駅は在来線が1階、新幹線が3階に配置され、2階レベルに東西自由通路が通る一般的な構造です。
東口は2022年11月に開業した再開発施設「ライトキューブ宇都宮」が隣接しており、
自由通路からそのまま2階レベルにイベント等が開催できる広場が繋がっています。
ライトレールの宇都宮駅電停もこの再開発区域に接しており、
自由通路から階段を降りてのりばへ向かいます。
■宇都宮芳賀ライトレール線 宇都宮駅東口
HU300形(愛称:ライトライン)
全長は広電のグリーンムーバーシリーズと同規模で約30m。
3連接車体のHU300形と初対面しました!
雷の多い宇都宮をモチーフにした黄色のアクセントがとてもカッコいいです。
路線は宇都宮駅を出て、鬼怒通りをまっすぐ東に進みます。
これが、日本で始めて本格的なLRTを”新設”した先進的な町並みです。
宇都宮駅を出発し、再開発ビル「ライトキューブ宇都宮」の脇を抜け、市街地を走り出す宇都宮ライトレール。
鬼怒通りの特徴をいくつか。
軌道の上下線の間には、交差点を除く大部分でフェンスが設置されており、
自動車の横断による運行阻害が発生しづらくなっています。
こういったところも「路面電車」ではなく「LRT」たる証です。
さらに東へ。
国道4号宇都宮バイパスと交わる峰交差点は2車線の車道とともにオーバーパスします。
喉から手が出るほどほしい交差点の立体交差。
驚きなのはもともと自動車用の橋梁として供用されていたこと。
路面電車が通行しても支障がないことを確認し、転用されたようです。
交通量の多い直轄国道との交差点ですから、立体化の恩恵は計り知れません。
専用橋・快速退避設備など高規格目立つ郊外部
そのまま東に向けて進みます。
複合商業施設「ベルモール」の最寄り駅となる「宇都宮大学陽東キャンパス」電停では、老若男女多くの人が乗降します。

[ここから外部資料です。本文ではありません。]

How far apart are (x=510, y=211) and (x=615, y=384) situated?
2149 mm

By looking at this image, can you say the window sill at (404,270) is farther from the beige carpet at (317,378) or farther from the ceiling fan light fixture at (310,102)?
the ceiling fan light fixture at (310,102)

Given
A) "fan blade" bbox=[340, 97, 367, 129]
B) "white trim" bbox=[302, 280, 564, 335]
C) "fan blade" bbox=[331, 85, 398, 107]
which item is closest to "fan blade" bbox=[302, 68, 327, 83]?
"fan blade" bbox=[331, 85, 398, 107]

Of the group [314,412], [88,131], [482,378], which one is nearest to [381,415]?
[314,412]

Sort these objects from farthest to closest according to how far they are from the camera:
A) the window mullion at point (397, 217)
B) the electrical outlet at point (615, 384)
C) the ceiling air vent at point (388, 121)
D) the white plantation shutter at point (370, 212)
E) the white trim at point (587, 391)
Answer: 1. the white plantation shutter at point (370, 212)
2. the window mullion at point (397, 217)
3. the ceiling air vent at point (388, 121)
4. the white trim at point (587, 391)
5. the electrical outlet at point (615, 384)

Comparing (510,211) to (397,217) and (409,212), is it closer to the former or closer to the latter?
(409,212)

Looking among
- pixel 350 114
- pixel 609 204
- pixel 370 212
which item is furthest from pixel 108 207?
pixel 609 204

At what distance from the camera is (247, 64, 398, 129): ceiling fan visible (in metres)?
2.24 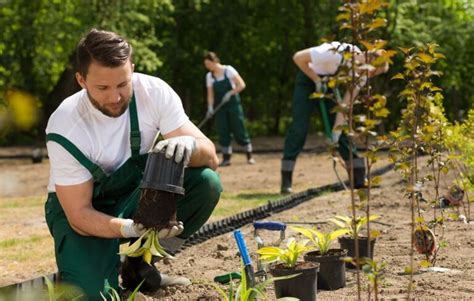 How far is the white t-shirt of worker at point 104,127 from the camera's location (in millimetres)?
3520

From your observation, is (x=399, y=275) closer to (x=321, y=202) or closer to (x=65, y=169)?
(x=65, y=169)

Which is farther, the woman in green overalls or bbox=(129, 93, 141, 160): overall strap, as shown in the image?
the woman in green overalls

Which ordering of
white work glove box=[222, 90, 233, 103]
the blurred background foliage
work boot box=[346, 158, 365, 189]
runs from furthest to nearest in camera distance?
1. the blurred background foliage
2. white work glove box=[222, 90, 233, 103]
3. work boot box=[346, 158, 365, 189]

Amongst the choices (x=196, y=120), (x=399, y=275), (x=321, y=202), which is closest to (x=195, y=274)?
(x=399, y=275)

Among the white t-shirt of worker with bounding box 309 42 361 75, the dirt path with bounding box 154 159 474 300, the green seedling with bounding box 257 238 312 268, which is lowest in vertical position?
the dirt path with bounding box 154 159 474 300

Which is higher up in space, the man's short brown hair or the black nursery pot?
the man's short brown hair

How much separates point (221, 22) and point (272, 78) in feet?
9.65

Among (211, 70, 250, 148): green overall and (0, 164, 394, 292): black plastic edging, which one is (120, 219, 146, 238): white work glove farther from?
(211, 70, 250, 148): green overall

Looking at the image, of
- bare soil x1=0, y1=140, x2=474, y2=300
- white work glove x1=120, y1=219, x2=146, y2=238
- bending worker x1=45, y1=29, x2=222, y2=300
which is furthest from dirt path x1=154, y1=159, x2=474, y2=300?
white work glove x1=120, y1=219, x2=146, y2=238

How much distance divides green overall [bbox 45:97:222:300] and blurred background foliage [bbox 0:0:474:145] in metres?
11.1

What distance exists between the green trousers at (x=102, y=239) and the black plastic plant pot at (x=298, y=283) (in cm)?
74

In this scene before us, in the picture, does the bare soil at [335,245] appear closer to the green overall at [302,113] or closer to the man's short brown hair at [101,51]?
the green overall at [302,113]

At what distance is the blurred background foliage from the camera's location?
16297mm

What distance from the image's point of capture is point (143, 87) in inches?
146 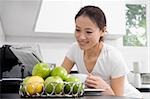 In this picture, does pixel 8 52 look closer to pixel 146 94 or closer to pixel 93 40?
pixel 93 40

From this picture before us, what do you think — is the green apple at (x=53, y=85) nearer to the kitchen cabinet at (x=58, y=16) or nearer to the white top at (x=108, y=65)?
the white top at (x=108, y=65)

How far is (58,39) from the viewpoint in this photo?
3139 millimetres

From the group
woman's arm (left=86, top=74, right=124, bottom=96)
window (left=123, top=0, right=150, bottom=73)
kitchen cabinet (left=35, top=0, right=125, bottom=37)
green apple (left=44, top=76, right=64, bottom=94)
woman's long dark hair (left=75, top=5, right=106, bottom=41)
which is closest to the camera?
green apple (left=44, top=76, right=64, bottom=94)

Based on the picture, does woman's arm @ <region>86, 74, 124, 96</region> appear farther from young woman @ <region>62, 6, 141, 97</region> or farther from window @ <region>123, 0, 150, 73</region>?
window @ <region>123, 0, 150, 73</region>

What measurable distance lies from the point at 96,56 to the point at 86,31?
0.94ft

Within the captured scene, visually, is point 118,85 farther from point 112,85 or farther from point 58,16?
point 58,16

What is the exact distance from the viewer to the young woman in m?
1.48

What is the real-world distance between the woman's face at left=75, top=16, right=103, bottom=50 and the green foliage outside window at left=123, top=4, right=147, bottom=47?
1853 mm

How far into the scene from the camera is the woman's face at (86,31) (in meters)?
1.46

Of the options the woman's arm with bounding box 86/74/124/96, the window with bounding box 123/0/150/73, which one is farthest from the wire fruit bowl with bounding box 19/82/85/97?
the window with bounding box 123/0/150/73

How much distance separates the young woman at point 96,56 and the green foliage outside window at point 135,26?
1.57 metres

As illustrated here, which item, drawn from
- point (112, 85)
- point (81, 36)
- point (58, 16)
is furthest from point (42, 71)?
point (58, 16)

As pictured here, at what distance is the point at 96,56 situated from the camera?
172cm

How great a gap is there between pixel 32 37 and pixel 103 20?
62.0 inches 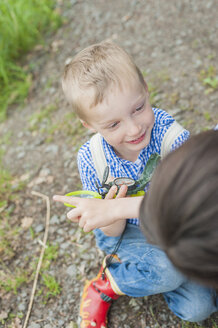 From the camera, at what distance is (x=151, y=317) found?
219cm

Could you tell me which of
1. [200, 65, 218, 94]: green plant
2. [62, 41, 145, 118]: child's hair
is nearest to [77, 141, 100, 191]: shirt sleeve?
[62, 41, 145, 118]: child's hair

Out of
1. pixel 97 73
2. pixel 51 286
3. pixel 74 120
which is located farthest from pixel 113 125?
pixel 74 120

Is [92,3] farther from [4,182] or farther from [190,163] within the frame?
[190,163]

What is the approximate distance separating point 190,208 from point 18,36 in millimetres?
4232

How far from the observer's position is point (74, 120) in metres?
3.63

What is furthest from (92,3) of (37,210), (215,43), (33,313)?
(33,313)

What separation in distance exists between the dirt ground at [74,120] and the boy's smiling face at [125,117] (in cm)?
113

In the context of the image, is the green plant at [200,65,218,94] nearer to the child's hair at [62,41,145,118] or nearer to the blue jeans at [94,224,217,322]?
the child's hair at [62,41,145,118]

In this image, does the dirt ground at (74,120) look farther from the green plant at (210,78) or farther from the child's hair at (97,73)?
the child's hair at (97,73)

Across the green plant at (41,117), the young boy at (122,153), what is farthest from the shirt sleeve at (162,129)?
the green plant at (41,117)

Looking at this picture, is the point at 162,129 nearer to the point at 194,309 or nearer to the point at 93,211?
the point at 93,211

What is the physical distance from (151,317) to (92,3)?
4.27 metres

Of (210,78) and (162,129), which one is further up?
(162,129)

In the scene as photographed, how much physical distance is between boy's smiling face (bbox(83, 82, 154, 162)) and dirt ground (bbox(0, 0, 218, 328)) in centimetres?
113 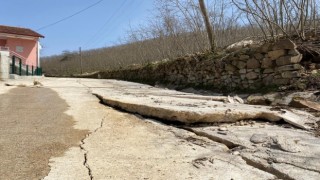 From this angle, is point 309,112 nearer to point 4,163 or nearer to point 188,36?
point 4,163

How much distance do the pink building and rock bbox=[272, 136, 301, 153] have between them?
2890cm

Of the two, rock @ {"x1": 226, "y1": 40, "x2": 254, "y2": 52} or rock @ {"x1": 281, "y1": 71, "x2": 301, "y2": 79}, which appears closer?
rock @ {"x1": 281, "y1": 71, "x2": 301, "y2": 79}

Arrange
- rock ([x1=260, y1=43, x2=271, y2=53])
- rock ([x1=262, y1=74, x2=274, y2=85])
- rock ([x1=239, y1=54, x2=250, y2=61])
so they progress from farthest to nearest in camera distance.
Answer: rock ([x1=239, y1=54, x2=250, y2=61]) → rock ([x1=260, y1=43, x2=271, y2=53]) → rock ([x1=262, y1=74, x2=274, y2=85])

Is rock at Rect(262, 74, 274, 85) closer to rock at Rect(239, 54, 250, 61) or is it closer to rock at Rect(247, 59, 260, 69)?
rock at Rect(247, 59, 260, 69)

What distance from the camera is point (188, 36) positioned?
14.5 meters

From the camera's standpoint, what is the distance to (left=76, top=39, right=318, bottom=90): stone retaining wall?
7777mm

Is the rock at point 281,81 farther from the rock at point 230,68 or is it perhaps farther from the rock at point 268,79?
the rock at point 230,68

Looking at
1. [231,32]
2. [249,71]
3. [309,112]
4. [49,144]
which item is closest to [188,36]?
[231,32]

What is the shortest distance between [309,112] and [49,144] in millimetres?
3846

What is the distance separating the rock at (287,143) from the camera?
363 cm

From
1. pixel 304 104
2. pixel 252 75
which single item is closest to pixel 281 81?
pixel 252 75

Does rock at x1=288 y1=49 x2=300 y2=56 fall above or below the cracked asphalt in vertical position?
above

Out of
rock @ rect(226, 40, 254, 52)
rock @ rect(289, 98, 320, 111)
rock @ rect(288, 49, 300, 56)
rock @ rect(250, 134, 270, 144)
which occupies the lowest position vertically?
rock @ rect(250, 134, 270, 144)

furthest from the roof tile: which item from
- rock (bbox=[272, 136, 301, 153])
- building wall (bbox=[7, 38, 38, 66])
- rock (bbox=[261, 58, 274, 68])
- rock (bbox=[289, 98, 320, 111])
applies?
rock (bbox=[272, 136, 301, 153])
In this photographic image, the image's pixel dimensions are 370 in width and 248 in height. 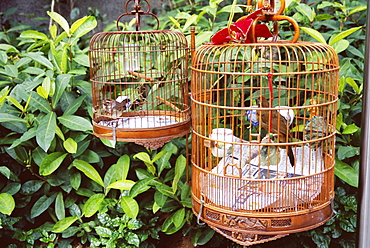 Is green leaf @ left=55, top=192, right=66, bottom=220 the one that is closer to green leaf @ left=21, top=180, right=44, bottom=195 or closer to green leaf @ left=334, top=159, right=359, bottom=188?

そこを過ぎると沿線の風景は緑が増し、郊外に入っていきます。
これまで走ってきた鬼怒通りを立体交差する専用橋で次の電停に向かいます。
何度も信号待ちをすることなく非常にスムーズ。
鉄道線にも見えますが、扱いは軌道法に基づいて整備された併用軌道です。
次の電停「平石電停」。
路面電車の途中駅とは思えない、2面4線のターミナル駅です。
宇都宮ライトレールでは朝ピークの時間帯に快速運転をする列車が設定されています。
快速列車が停車する平石では緩急接続、追い越しができるようこのような大規模な設備となっています。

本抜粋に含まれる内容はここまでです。